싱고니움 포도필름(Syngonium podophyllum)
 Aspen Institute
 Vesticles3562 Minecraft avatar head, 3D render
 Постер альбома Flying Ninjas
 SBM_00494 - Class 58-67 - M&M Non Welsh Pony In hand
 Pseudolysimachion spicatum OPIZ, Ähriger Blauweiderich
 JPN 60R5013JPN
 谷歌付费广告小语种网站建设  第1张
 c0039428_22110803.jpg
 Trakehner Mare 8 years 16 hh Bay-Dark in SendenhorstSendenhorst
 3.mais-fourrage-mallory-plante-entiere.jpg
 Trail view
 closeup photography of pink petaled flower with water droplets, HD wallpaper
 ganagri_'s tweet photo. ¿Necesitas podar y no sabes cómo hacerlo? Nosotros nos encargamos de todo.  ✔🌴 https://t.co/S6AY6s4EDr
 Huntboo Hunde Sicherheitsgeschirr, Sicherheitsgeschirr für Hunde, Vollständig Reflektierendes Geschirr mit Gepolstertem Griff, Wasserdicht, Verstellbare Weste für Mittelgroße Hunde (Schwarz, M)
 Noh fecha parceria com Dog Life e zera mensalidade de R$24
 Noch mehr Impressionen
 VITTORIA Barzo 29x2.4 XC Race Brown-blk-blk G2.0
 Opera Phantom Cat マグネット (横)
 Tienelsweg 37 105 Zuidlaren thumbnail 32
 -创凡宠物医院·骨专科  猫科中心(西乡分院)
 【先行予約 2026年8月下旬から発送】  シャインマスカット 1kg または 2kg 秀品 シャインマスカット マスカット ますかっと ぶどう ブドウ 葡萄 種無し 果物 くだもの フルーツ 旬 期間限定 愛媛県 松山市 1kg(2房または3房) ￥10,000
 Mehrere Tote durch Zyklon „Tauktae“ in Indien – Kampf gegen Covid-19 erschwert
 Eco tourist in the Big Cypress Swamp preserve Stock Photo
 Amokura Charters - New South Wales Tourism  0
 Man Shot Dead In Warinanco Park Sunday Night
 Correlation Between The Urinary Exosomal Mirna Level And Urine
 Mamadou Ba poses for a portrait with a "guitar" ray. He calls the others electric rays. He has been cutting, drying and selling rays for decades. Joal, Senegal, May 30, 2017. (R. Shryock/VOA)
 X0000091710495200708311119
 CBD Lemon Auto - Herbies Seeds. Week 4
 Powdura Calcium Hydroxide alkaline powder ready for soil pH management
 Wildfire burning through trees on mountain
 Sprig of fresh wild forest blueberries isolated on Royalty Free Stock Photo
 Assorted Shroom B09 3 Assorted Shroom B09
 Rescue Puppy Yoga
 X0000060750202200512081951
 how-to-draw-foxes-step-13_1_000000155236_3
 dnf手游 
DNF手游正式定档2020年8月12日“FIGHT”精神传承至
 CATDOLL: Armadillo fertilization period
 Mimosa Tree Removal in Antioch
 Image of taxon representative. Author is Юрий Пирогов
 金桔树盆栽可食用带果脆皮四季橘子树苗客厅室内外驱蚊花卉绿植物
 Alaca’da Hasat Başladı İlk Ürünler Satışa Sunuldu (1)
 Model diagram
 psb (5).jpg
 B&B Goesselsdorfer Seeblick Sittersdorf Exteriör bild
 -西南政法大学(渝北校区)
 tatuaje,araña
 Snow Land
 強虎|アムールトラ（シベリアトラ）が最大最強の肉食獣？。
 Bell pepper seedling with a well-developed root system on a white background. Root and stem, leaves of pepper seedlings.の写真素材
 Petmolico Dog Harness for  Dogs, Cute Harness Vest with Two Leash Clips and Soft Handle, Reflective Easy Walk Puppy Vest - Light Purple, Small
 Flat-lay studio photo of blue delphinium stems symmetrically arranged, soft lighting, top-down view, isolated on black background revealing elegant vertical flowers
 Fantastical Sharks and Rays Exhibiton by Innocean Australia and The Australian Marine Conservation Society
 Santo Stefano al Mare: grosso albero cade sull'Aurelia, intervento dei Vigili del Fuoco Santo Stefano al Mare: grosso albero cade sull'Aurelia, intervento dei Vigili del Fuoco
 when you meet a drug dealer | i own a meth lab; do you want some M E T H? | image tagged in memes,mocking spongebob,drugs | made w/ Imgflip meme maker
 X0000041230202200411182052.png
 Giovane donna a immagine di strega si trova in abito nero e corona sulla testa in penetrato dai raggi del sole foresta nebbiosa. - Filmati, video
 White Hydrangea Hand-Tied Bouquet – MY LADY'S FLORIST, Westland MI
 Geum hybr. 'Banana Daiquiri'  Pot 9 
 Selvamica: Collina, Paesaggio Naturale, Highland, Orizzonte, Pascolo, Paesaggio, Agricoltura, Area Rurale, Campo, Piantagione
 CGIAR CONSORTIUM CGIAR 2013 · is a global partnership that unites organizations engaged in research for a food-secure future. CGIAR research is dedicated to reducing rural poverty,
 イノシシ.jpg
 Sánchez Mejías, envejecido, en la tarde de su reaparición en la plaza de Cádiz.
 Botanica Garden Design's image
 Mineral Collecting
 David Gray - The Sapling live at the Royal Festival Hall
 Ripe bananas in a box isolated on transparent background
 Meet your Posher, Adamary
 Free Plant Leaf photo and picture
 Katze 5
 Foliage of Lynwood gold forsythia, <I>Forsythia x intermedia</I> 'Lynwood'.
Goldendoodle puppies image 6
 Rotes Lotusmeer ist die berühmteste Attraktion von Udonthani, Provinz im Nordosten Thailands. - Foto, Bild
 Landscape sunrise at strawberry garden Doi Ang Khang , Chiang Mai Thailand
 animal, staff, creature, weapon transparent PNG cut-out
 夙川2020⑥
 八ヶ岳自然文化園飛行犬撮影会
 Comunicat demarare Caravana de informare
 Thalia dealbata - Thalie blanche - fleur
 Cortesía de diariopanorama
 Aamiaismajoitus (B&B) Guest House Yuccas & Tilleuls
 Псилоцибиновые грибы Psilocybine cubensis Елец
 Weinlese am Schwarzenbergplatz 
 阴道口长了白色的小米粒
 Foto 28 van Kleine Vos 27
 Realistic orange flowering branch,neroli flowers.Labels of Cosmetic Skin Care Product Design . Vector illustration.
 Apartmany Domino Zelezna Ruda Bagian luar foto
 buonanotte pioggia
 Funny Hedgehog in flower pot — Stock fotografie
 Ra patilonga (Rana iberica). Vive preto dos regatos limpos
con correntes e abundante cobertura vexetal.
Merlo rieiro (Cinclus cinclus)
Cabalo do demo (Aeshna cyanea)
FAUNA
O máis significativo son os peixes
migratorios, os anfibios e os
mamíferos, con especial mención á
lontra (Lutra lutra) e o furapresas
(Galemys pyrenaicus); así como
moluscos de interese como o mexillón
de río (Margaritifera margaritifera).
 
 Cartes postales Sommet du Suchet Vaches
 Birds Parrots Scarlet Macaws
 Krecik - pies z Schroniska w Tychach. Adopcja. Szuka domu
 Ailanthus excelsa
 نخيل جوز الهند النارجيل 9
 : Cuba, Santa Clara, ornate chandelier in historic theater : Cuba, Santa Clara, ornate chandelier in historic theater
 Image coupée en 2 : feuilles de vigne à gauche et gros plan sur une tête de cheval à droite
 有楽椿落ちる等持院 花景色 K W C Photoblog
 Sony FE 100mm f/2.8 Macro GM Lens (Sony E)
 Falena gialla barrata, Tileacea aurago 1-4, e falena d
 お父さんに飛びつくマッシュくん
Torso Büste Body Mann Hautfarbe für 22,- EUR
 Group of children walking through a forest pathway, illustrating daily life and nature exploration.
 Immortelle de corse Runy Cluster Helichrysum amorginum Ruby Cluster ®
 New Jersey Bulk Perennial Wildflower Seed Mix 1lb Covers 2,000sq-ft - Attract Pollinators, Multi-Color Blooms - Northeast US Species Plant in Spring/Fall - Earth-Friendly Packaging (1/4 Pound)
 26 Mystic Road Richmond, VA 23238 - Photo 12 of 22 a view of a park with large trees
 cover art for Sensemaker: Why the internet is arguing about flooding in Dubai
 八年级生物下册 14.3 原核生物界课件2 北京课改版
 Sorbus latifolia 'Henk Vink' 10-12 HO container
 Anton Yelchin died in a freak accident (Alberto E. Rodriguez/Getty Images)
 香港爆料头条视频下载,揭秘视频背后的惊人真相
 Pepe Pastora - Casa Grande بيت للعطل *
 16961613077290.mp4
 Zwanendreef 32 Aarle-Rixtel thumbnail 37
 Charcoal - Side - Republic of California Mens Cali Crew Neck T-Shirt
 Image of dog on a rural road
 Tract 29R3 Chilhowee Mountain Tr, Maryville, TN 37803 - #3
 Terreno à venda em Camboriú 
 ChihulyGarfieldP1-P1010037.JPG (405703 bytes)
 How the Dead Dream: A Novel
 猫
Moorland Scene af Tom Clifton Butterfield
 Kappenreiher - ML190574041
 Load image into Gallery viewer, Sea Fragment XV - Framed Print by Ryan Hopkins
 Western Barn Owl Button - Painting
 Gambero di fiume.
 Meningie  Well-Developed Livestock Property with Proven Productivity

----

Above are the records; copy every line in them that holds the word "transparent".

:: RESULT OF THE TASK ::
 Ripe bananas in a box isolated on transparent background
 animal, staff, creature, weapon transparent PNG cut-out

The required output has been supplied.